The Radcliffe waiting-on program, which requires all freshmen and some sophomores in the brick dormitories to spend two to five hours per week waiting on table or drying dishes, has outlived its usefulness. Instituted during the Second World War to cut down kitchen expenses, the program was commendable at first as a war-time economy. Unfortunately, the program has recently taken on particular significance in the minds of College officials. The claim today is that Radcliffe students learn to assume personal responsibility through the experience of serving as a part-time waitress.
If this contention were true, it still would not present a valid reason for retaining the system. Radcliffe students, who have the right to cut an unlimited number of classes and live under a social honor system, are hardly in need of further opportunity to learn self-discipline.

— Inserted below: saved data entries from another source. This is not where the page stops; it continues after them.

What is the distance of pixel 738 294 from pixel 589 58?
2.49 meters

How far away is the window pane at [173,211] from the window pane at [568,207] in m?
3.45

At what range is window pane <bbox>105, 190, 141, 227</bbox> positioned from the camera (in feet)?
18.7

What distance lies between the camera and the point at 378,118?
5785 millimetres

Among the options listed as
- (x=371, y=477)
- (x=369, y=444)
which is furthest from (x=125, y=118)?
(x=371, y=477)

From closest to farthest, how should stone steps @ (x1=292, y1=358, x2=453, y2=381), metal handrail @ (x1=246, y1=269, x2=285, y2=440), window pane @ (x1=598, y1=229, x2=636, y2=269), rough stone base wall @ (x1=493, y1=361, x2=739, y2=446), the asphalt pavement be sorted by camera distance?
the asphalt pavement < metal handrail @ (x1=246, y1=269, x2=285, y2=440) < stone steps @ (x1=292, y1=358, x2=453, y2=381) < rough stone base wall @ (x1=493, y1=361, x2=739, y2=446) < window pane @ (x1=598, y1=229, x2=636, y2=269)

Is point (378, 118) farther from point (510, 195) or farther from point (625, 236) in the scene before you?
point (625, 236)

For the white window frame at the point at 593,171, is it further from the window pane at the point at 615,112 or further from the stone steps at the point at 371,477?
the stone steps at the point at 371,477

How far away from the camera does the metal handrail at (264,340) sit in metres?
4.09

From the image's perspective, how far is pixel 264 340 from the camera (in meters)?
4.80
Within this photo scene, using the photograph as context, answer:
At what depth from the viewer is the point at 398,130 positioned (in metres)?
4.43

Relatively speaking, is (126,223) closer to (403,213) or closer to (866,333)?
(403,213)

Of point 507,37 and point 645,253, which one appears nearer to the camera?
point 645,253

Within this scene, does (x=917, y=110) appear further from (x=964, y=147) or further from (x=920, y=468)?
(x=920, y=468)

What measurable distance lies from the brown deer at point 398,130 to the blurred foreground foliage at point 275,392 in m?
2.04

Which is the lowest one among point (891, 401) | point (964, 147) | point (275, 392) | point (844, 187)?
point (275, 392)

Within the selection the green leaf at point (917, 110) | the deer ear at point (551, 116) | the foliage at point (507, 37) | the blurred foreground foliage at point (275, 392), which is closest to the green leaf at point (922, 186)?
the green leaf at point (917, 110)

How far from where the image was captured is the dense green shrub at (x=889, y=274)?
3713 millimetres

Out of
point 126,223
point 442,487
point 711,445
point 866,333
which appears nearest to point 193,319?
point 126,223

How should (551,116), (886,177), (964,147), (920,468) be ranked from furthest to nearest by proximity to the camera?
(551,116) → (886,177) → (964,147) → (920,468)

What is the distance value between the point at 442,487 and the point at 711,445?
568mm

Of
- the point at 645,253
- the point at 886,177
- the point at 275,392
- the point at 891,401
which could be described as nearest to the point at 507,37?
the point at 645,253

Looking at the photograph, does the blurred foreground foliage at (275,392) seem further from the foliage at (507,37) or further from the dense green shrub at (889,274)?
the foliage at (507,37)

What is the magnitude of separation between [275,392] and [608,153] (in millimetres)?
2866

Higher considerations aside, the waiting-on program is run with a minimum of efficient organization and a maximum of wasted effort. Most of the students involved--the number varies from four to eleven for each meal, depending on the size of the dormitory--scurry around the dining room getting in one another's way. The others dry dishes which, if left for five minutes, would dry better in the air. Naturally enough, the student waitress deplores the time she wastes in this fashion and hurries the meal as much as possible. The inevitable result is that College meals are eaten in an atmosphere of great haste, which tends to make them unenjoyable occasions for diners as well as for waitresses.
Probably the best solution, from the standpoint of efficiency and in the interests of gracious living, would be a staff of professional waitresses. Radcliffe has no money for such an extravagance, but there is an alternate solution--a system under which all students would pay a slightly higher price for room and board. Girls in need of extra money might wait on tables for a small but reasonable salary. Consequently, the system would create a new area of student employment, in which several girls could make a substantial sum of money each year. The program would also free those who dislike waiting-on and would institute a relatively small, regular staff of waitresses willing to put in the time and effort required.
Despite the advantages of this plan, similar suggestions have been opposed in the past on the grounds that they might tend to create an "undemocratic" class society composed of the "laborers" and the "idle rich." The danger of creating such class distinctions in Radcliffe's liberal society seems relatively remote. Since a paid student staff would offer valuable job opportunities, operate more efficiently, and free other students from a time-consuming and pointless task, the Radcliffe Administration should seriously consider this method of replacing the waiting-on program.